▶ **Source data**
┏━━

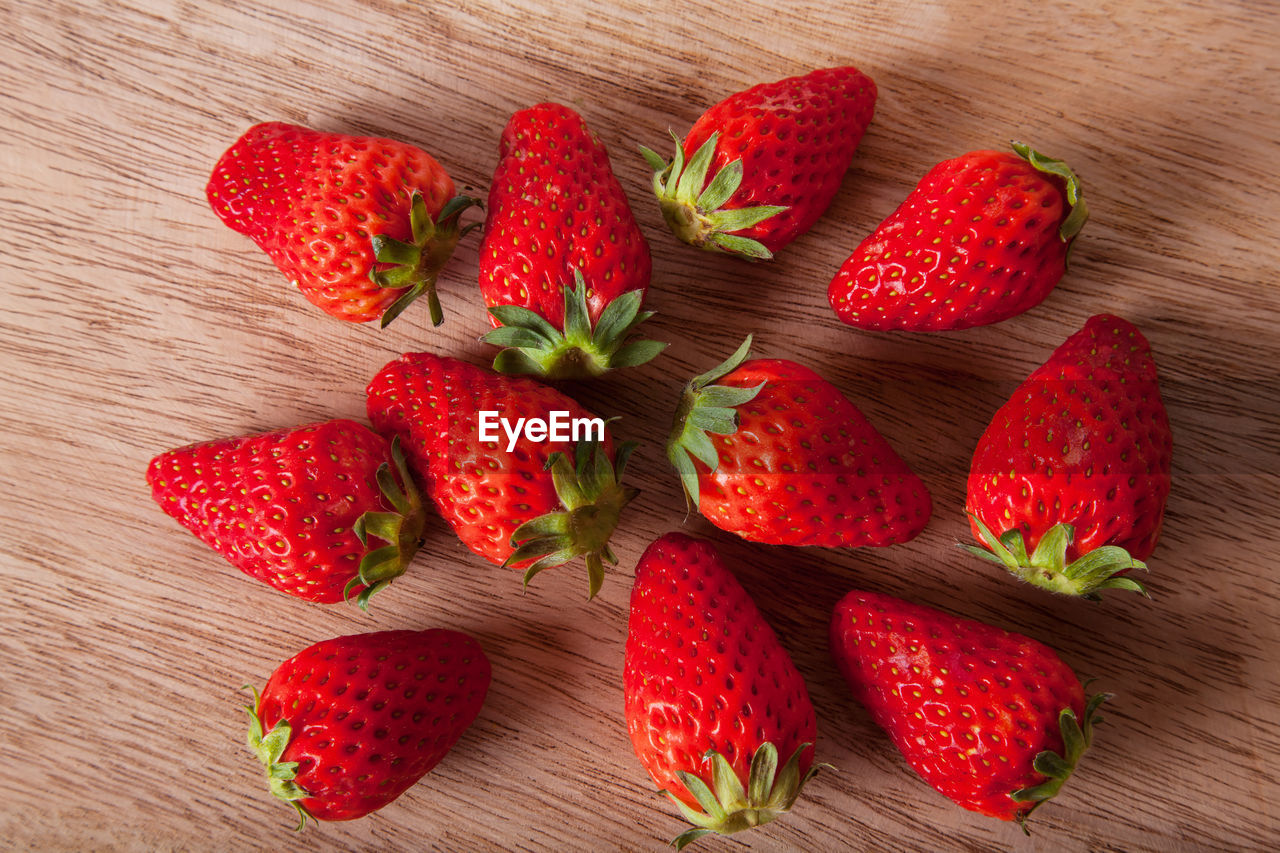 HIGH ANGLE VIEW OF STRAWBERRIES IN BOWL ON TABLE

┗━━
┏━━

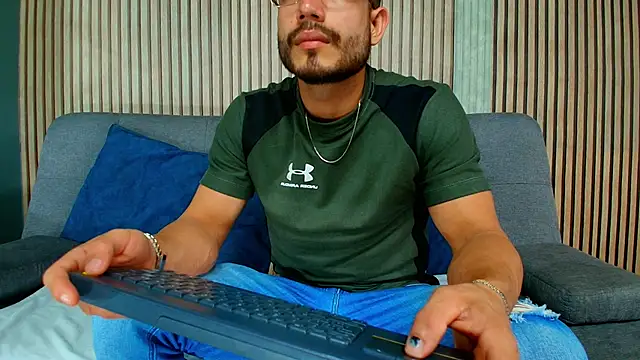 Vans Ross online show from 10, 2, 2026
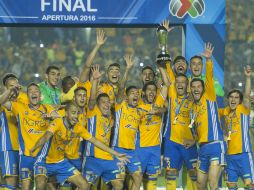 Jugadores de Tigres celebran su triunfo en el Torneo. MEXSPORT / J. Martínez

┗━━
┏━━

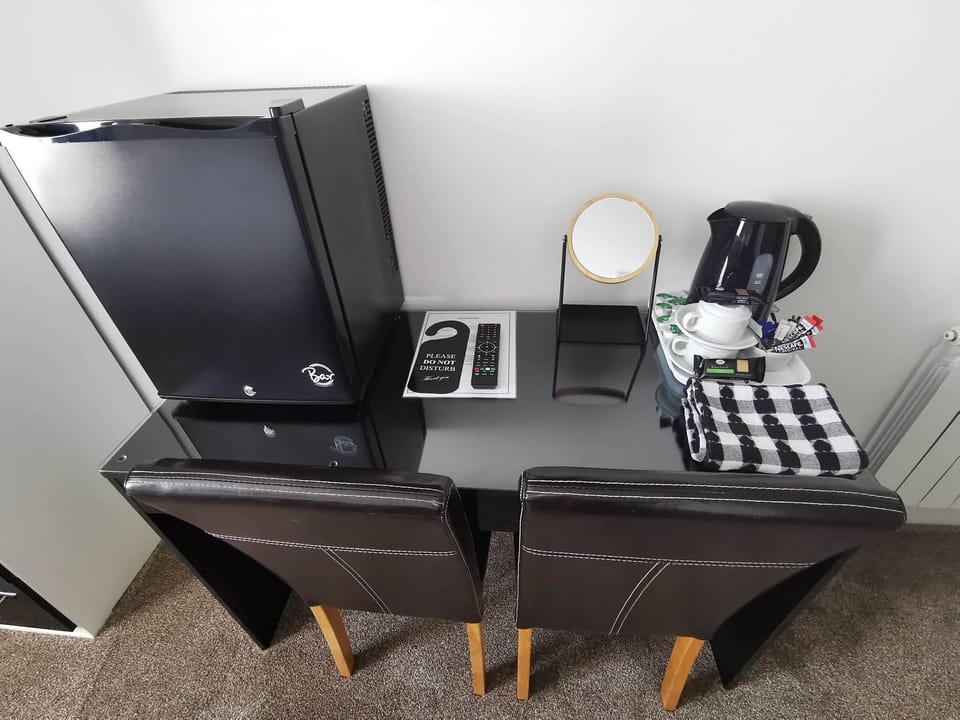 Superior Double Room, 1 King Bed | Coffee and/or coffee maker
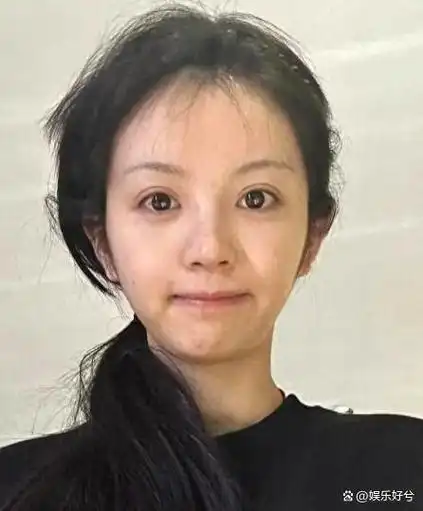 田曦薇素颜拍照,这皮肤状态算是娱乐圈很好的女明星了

┗━━

▶ **Exercise objective**
Copy only these lines from the records above, exactly: the one with "Superior Double Room, 1", the one with "田曦薇素颜拍照,这皮肤状态算是娱乐圈很好的女明星了", and those between. Skip the pictures.

▶ **Written response**
 Superior Double Room, 1 King Bed | Coffee and/or coffee maker
 田曦薇素颜拍照,这皮肤状态算是娱乐圈很好的女明星了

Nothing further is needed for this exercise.